Problems with Thai characters when converting certain PDF to HTML in .NET

Clemens_Pestuka · May 7, 2025, 8:05am

Hi,

A problem was reported to us, regarding a certain PDF with Thai characters.
I’ve taken a screenshot and highlighted a few of the differences between the PDF and the HTML:
image.png (224.9 KB)

The Viewer from “GroupDocs.Total for .NET” 25.3 was used with “HtmlViewOptions.ForEmbeddedResources” options, but nothing else.

Attaching the original and the conversion output:
Thai characters not correctly converted to HTML.zip (3.1 MB)

Can you please take a look at the problem?

Professionalize.Discourse · May 7, 2025, 8:05am

@Clemens_Pestuka

It appears that the issue you are experiencing with the conversion of a PDF containing Thai characters to HTML may be related to the handling of specific fonts, such as AngsanaUPC. Users have reported similar problems where certain decorative characters are lost during the conversion process.
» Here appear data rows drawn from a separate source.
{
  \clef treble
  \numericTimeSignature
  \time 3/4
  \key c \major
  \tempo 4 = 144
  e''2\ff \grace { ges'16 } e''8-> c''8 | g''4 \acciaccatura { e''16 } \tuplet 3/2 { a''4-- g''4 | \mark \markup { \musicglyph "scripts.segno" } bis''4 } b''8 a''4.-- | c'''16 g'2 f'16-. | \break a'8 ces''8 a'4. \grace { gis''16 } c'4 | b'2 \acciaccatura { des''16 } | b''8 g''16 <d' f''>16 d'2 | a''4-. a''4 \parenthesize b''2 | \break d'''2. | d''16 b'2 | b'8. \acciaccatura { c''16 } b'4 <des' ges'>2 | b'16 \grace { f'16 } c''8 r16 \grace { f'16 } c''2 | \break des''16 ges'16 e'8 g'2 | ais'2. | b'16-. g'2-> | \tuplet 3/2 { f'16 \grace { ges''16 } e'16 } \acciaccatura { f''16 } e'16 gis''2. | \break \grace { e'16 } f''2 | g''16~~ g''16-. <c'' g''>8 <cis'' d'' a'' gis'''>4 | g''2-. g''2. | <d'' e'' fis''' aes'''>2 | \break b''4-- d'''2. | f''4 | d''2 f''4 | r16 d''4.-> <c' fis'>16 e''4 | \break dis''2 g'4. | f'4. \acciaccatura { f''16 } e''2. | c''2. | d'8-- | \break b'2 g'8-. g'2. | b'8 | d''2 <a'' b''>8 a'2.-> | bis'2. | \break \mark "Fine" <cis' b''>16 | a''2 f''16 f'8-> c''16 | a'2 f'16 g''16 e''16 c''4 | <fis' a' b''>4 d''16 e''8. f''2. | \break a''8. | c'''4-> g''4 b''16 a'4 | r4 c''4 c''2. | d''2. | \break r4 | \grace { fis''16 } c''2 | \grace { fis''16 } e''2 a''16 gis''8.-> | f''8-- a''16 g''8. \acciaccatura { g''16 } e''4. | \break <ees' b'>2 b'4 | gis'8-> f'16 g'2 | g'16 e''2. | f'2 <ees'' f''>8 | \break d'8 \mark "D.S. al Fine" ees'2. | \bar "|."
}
To address this issue, I recommend the following steps:

Check Font Embedding: Ensure that the PDF file has the necessary fonts embedded. If the fonts are not embedded, the conversion process may not render the characters correctly.
Update GroupDocs.Viewer: If you are using an older version of GroupDocs.Viewer, consider updating to the latest version. Newer versions may include fixes and improvements related to font handling and character rendering.
Use Alternative Options: Experiment with different options in the HtmlViewOptions class. While you mentioned using HtmlViewOptions.ForEmbeddedResources, there may be other settings that could improve the output.
Contact Support: Since this seems to be a known issue with specific fonts, it may be beneficial to reach out to GroupDocs support for further assistance. They may have additional insights or workarounds for this particular problem.

If you have any further details or specific examples, sharing them could help in diagnosing the issue more effectively.

Feel free to check back for updates or solutions from the support team regarding this font handling issue.

Sources:
[1]: Converting certain PDF with Thai font to HTML, leads to incorrect results in .NET

vladimir.litvinchik · May 8, 2025, 7:34am

@Clemens_Pestuka

Thank you for attaching the source and output files. I can reproduce the issue. The issue ID for reference is VIEWERNET-5350.